Weston Park’s Granary Gallery is beginning a series of monthly changing art exhibitions where the works will be available for sale.
The stately home's rolling exhibitions will make the most of the spectacular space within the newly restored 1767 Granary building. The white walled space below the grandeur of the open oak timbered roof will offer a changing perspective for the contemporary art world.
The Gallery, on the Staffordshire Shropshire border, has the highest possible specifications in terms of environmental control, which means the items from Weston’s reserve collection, as well as items from private collections, can be displayed.
The contemporary art exhibitions will provide a vivid contrast with Weston Park’s heritage providing a dynamic visual feast for visitors. Each exhibition will showcase a different artist, handpicked by Weston Park. Their work will, at times, be strikingly different in approach but overall quality serves as the hallmark for each exhibition.

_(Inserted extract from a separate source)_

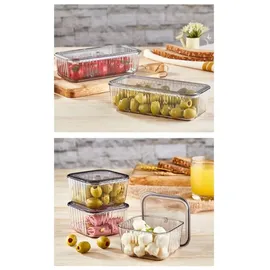 hermia concept Vorratsdose 100% PLEXIGLASS, 19 x 37 x 6 cm M1184, (13-tlg)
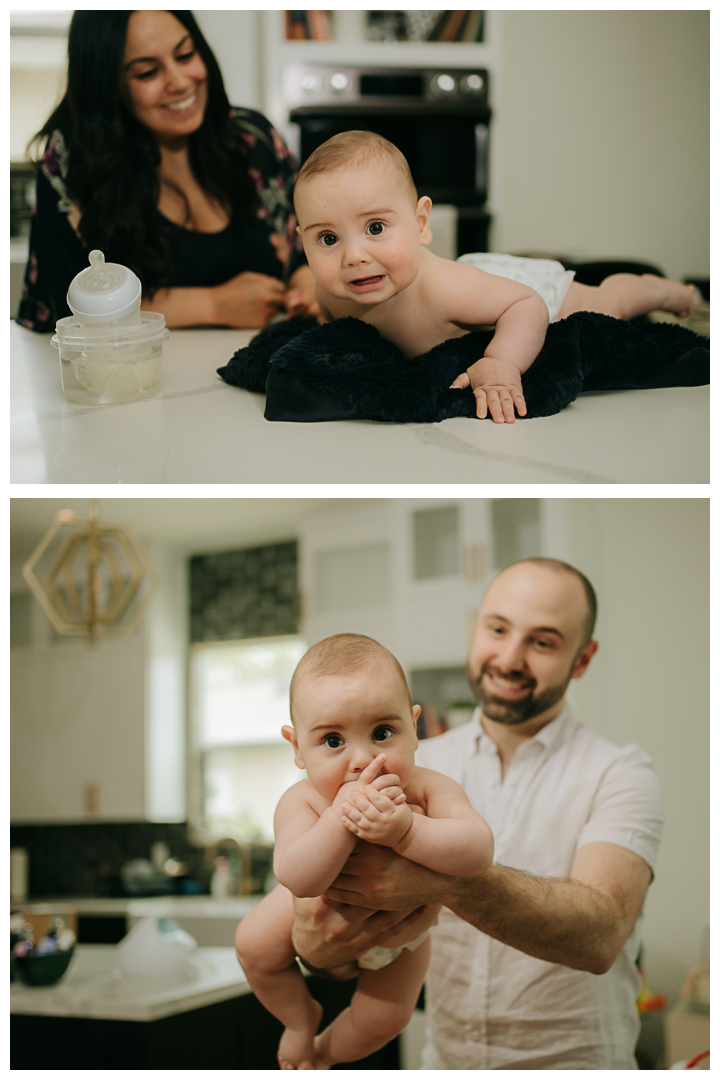 In-home newborn family session photography in Sherman Oaks, Los Angeles, California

Gareth Williams, curator to the Weston Park Foundation comments: “Weston Park’s own collection offers some of the very finest examples of old masters’ works, from Van Dyck to Gainsborough and we see the Gallery as offering an opportunity to showcase contemporary artists which offer a relevance of art in every day life.”
Throughout October Fabienne Russell is displaying her work. Fabienne’s art reflects her cosmopolitan, occasionally nomadic existence. Born in North Africa, she has lived and worked in countries as varied as Morocco, the Congo and France.
Focusing on purely abstract compositions Fabienne comments: “I try to perpetuate the tradition of painterly painting, taking inspiration from artists such as Velasquez, who had a very intense relationship with paint, and contemporary artist Callum Innes, whose process involves the removal as well as the addition of paint and a unique way of using colour which influences my work tremendously.”
From Sunday 1st November, it’s the turn of Alan Albert Smith, whose works include a great sense of variety of composition often with a figurative content giving a great sense of meaning. Alan’s painting involves a great clarity of colour, occasionally with amusing incident.
In December Felicity Kershaw’s works will be on display at the Gallery. Felicity focuses on visual stimuli in the world around her and presently paints the domestic world, ranging from still lives to portraiture and conversation pieces.
Felicity comments: “My aim is to communicate the idea that ordinary everyday things are worth looking at and have their own beauty.”
The Gallery is open daily from 11am – 4pm and is free to enter.